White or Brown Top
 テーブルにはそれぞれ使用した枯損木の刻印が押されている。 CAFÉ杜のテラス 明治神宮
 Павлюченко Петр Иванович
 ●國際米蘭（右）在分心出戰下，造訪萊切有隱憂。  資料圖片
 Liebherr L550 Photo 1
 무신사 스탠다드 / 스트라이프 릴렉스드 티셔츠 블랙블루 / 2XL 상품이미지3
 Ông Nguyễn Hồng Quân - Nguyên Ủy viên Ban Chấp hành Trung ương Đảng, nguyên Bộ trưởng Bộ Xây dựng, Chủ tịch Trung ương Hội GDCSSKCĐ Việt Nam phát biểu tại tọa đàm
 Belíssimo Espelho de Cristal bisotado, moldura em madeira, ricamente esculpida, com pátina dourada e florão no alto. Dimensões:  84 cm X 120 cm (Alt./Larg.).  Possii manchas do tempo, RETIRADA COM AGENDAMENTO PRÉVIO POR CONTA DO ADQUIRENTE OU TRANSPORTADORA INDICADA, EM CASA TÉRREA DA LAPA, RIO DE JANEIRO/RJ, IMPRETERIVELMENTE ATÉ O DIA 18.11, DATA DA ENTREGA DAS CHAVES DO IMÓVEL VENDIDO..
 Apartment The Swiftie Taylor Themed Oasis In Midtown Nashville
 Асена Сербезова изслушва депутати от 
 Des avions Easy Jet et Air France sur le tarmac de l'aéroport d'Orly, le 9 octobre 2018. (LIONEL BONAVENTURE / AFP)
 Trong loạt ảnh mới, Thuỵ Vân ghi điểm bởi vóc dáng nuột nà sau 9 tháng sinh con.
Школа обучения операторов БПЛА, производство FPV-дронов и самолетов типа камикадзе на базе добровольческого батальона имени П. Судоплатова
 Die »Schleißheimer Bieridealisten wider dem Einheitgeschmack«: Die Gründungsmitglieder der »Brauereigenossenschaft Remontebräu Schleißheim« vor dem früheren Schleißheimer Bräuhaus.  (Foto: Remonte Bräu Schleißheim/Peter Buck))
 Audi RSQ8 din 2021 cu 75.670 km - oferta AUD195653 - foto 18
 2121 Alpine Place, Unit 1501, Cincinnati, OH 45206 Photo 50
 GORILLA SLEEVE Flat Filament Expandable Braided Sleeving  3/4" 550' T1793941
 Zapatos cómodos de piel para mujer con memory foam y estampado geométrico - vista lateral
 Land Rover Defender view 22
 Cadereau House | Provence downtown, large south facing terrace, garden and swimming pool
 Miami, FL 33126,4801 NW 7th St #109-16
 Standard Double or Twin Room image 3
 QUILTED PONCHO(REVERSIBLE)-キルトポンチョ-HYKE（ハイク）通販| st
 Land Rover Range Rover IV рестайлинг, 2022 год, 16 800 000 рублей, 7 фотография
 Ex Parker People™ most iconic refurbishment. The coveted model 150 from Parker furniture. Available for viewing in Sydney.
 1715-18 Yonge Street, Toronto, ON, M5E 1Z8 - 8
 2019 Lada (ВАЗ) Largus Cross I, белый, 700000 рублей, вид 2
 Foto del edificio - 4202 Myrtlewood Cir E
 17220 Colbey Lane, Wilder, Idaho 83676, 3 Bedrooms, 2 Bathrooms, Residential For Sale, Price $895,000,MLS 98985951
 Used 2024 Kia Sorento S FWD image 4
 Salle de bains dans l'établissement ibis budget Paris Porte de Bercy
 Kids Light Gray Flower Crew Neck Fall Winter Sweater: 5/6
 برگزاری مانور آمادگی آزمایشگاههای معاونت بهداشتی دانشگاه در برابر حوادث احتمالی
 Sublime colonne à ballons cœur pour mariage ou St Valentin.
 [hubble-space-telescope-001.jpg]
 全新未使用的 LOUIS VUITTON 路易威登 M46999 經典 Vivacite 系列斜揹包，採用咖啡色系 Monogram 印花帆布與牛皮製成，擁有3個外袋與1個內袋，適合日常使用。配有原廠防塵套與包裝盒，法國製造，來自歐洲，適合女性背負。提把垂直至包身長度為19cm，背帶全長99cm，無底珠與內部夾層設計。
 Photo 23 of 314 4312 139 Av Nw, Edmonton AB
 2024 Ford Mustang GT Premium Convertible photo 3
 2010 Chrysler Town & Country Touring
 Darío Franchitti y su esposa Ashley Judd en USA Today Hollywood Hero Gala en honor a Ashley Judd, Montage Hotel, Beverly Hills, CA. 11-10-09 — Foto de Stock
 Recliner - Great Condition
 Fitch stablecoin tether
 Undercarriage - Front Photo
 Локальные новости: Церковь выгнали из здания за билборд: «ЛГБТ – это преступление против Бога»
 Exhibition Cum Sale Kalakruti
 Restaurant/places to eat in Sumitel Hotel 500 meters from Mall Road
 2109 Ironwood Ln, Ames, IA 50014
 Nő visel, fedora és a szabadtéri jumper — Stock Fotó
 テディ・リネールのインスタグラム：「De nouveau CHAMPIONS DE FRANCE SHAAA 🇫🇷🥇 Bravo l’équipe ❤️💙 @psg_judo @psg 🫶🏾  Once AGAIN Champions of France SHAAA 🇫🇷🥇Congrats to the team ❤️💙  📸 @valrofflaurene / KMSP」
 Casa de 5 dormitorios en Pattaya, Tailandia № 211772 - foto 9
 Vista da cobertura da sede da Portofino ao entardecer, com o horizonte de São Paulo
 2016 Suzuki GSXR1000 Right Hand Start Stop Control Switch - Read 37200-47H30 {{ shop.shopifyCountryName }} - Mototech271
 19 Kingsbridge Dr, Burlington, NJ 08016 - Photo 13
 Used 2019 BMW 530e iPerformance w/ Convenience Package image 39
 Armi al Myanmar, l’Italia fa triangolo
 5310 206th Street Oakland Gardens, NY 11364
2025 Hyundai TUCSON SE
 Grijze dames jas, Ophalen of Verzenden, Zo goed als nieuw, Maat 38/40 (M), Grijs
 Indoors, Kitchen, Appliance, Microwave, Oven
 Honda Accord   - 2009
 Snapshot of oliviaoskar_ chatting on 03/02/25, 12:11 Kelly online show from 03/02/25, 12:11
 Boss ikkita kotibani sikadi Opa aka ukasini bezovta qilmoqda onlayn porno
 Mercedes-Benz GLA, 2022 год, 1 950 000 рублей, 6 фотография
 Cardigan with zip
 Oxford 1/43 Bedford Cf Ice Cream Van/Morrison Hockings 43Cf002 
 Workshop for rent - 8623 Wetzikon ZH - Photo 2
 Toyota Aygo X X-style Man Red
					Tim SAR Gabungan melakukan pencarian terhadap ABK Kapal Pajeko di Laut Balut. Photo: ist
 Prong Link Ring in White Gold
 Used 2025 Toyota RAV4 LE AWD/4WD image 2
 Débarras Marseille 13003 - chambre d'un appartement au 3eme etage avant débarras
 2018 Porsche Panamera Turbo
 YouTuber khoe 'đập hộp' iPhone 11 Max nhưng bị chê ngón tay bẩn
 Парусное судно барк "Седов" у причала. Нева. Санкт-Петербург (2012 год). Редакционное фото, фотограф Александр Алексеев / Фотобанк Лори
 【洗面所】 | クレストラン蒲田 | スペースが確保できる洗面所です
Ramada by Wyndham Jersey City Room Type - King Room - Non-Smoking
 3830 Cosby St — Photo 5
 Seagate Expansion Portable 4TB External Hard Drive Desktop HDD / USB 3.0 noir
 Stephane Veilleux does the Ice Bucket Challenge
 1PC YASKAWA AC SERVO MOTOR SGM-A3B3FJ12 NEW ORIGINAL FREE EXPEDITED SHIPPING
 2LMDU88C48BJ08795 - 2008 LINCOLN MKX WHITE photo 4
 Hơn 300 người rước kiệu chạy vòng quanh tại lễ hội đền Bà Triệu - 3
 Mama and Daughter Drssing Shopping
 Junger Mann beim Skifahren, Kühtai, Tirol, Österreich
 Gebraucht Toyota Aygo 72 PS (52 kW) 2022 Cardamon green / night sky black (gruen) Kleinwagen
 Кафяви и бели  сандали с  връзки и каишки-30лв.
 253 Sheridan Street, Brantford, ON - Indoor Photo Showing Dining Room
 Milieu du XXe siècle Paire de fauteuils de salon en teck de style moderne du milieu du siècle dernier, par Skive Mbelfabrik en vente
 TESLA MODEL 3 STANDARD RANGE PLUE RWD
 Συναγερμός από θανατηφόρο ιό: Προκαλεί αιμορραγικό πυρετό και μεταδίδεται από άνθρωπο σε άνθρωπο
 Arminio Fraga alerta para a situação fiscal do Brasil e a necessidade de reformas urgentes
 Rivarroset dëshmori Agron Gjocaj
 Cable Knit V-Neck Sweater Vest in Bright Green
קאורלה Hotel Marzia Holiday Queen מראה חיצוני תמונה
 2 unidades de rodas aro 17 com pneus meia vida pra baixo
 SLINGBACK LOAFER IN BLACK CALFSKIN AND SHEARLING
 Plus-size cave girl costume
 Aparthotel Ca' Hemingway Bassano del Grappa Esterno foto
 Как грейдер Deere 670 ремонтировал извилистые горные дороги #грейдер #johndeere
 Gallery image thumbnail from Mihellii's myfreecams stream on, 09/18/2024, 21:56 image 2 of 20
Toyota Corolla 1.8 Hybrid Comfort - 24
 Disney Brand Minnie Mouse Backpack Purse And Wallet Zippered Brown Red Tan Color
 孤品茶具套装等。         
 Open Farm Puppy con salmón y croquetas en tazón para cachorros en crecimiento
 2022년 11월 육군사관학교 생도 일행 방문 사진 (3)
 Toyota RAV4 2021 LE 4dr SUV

- [Task instructions] Please give back, exactly as it stands above, the stretch from the line with "TESLA MODEL 3 STANDARD RANGE PLUE RWD" through the line with "Rivarroset dëshmori Agron Gjocaj", and no line outside it.

- [Response box]
 TESLA MODEL 3 STANDARD RANGE PLUE RWD
 Συναγερμός από θανατηφόρο ιό: Προκαλεί αιμορραγικό πυρετό και μεταδίδεται από άνθρωπο σε άνθρωπο
 Arminio Fraga alerta para a situação fiscal do Brasil e a necessidade de reformas urgentes
 Rivarroset dëshmori Agron Gjocaj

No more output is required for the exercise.